Being master means taking on the debts of your servants–in a way that builds up the moral climate of your domain.

This is precisely what Azariah (better known as Abednego) and his two companions were doing in the fiery furnace. They were Israelites of royal and/or noble blood, young men without any defect, handsome, intelligent and wise, quick to learn and prudent in judgment (see Daniel 1:3-4). (In other words, they were exactly the sort of men you might expect to be full of themselves!) They were leaders among their own people, now carried off in defeat to Babylon. That in itself could’ve been enough to make them crumble. Why bother being noble & holy now? It’s too late…

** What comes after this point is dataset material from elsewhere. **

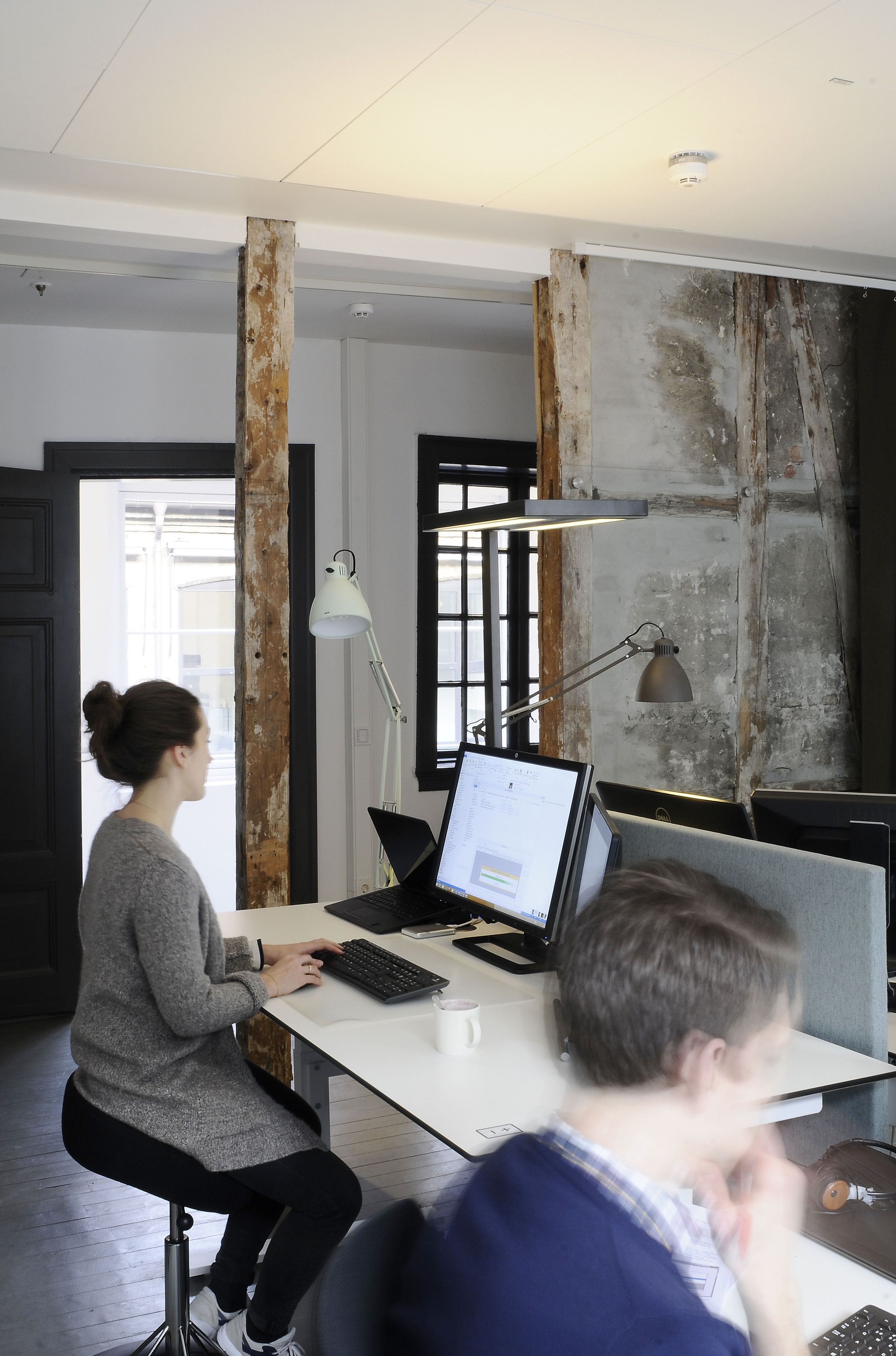 Det har blitt tøffere konkurranse for å komme med i boken. Foto: Are Carlsen.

Azariah, Hananiah & Mishael were made of sterner stuff than that. They took every opportunity to live up to their calling as Chosen People, even making a deal with the steward who provided their food to substitute vegetables for the idol-tainted meat that King Nebuchadnezzar had reserved for them. In turn, God gave them such wisdom and prudence that they excelled over all the other wise men of the kingdom and were appointed administrators over the province of Babylon. So far, so good.

Unfortunately, the very things that win the blessings of God are often the same things that incite the persecution of men. Azariah, Hananiah and Mishael persisted in refusing to be contaminated by idol worship, even when this refusal was made illegal. Hence their stint in the fiery furnace.

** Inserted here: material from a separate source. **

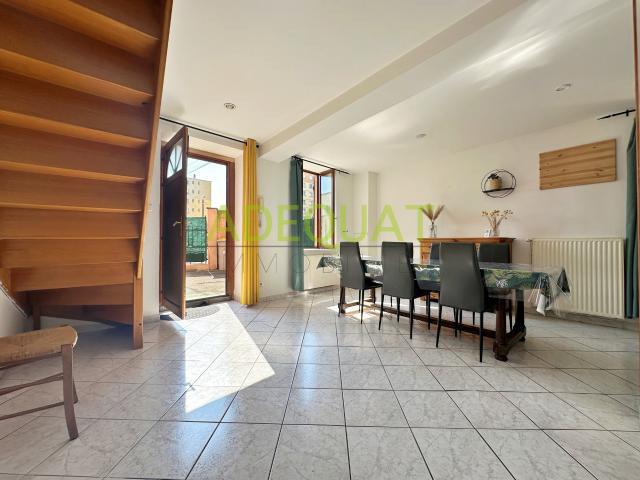 Maison 5 pièces 114 m²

This was their payment of the debt their people had incurred.

That’s the gist of today’s first reading. These three had gone out of their way to shun idol worship and to live holy lives. Their countrymen hadn’t. That’s why God had allowed Israel to be decimated by the Babylonians in the first place. The national moral debt had been racked up so high that God sold His firstborn (Israel–see Exodus 4:22) and all his family into slavery to pay it off. At the time, nobody so much as entertained the idea of repentance, of pleading for mercy.

Now times have changed. Azariah, Hananiah and Mishael are ready to pay the debt.

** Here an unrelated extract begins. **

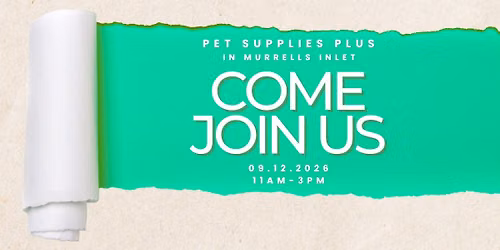 Pet Supplies Plus - Murrells Inlet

Normally, righteous rulers would’ve have atoned for national sin–paid this moral debt–by offering holocausts in the temple. With the temple in ruins and the Israelites in bondage in a foreign land, that was no longer possible. So Azariah and his companions offered themselves as holocausts. Hey, they’re in a fire already! Might as well! And God accepted their offering, using their witness to spur conversion even among the pagans who surrounded them.

Seen in this light, this story is quite similar to the one Jesus told to highlight the necessity of forgiveness. The master who wrote off his servant’s debt paid that debt, even as the three in the fiery furnace paid Israel’s moral debt at their own expense. He set the example of royal extravagance, an example Jesus was soon to fulfill by His own Passion and death in payment for our moral debt. This is the height of nobility, of leadership, which God raises for our inspiration.

He also lets us see the other side. What happens when this height is not attained? It’s not a pretty sight. The newly-freed servant shows his true colors as soon as he’s out of the master’s sight. Seizing a fellow servant who owed him a mere fraction of what he himself had owed, he seized him, throttled him, and demanded payment, turning a deaf ear to his debtor’s plea for mercy and having him thrown in prison. Clearly the forgiven servant cannot be trusted with mercy, never mind leadership! Rather than allow this merciless servant to persist in his sin (and allow the moral climate of his domain to be infested with this scandal), the master reinstated the debt–and its enslaving consequences–in full.

We’ve seen the heights of nobility, the depths of depravity. Jesus calls us to the heights, to the divine extravagance of seventy times seven. May we follow where His pierced feet have led.